Using the fact that $x'^{\mu} = x^{\mu} + a^{\mu}\,\,\,(1)$, this reduces to

$$\int d \bar x a^{\sigma} \left[-\partial_{\mu}\delta^{\nu}_{\sigma} (\partial_{\nu} \Phi) \frac{\partial L}{\partial (\partial_{\mu}\Phi)} + \partial_{\mu} \delta^{\mu}_{\sigma}L\right]$$

In the first term in the first integral the term $\partial_{\mu}$ only acts on the bracketed term shown. When I use the result (1) this bracketed term changes to a delta, which then consequently changes the index on the following $\partial_{\nu}$ term. My question is, what does the term $\partial_{\mu}$ now act on? Before it acted only on the bracketed term, but now that that is replaced with a delta and using the fact that $\delta^{\nu}_{\sigma}\partial_{\nu} = \partial_{\sigma}$ it seems that the only possibility would be for it to act on the new $\partial_{\sigma}\Phi$ term. Is that correct?

2. Jul 9, 2014

### Fredrik

Staff Emeritus
That's not a possibility. A product like f'(x)g(x) isn't going to change into cg'(x) where c is some number, just because f is something simple like a constant function.

3. Jul 9, 2014

### CAF123

Hi Fredrik,
I agree, that is why I asked the question. I don't see what else the resulting expression would be - the $\partial_{\mu}$, being a differential operator, has to act on something, so what would it be? I don't see what else it would be that would keep the summation convention sensible.

Thanks.

Last edited: Jul 9, 2014
4. Jul 9, 2014

### Fredrik

Staff Emeritus
You seem to expect that there's some fancy mathematics at play here, but there isn't. The key here is the trivial observation that if it acts on a function f, and f=g, then it acts on g.

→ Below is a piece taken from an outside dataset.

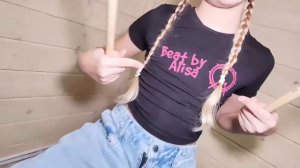 Beat by Alisa - Теперь мягкие и розовые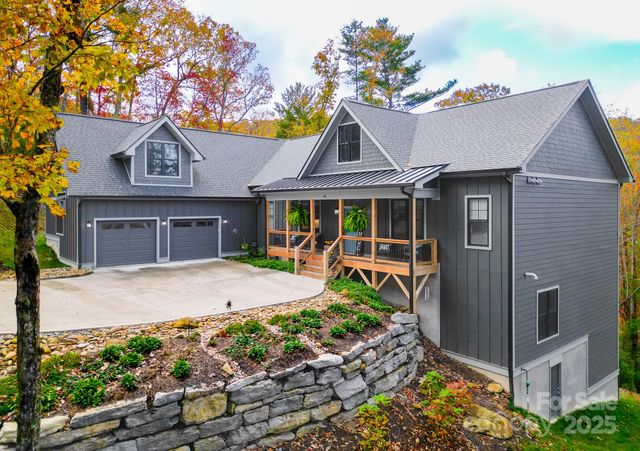 250 Judson Ridge Road, Arden, NC 28704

This is a situation where it may help to be careful with the notation. For example, don't simplify notations like f'(x) to f'. If D takes a function to its derivative, be careful to write (Df)(x) instead of something like D(f(x)). If you know what everything acts on at the start of the calculation, you will know it at the end of the calculation too.

5. Jul 9, 2014

### CAF123

Ok, so in this example, $$\partial_{\mu} \left(\frac{\delta x^{\nu}}{\delta a^{\sigma}}\right) (\partial_{\nu}\Phi) = \partial_{\mu} \delta^{\nu}_{\sigma} \partial_{\nu}\Phi$$ Now at this point, I have my difficulty. By making use of the Kronecker symbol, thereby changing the $\nu$ index on the subsequent partial to a $\sigma$, I get rid of it. So I understand your last post in that $\partial_{\mu}$ still acts on the bracketed term throughout, but given what it reduces to and the properties of the Kronecker symbol, I don't really see how to write down the next step above.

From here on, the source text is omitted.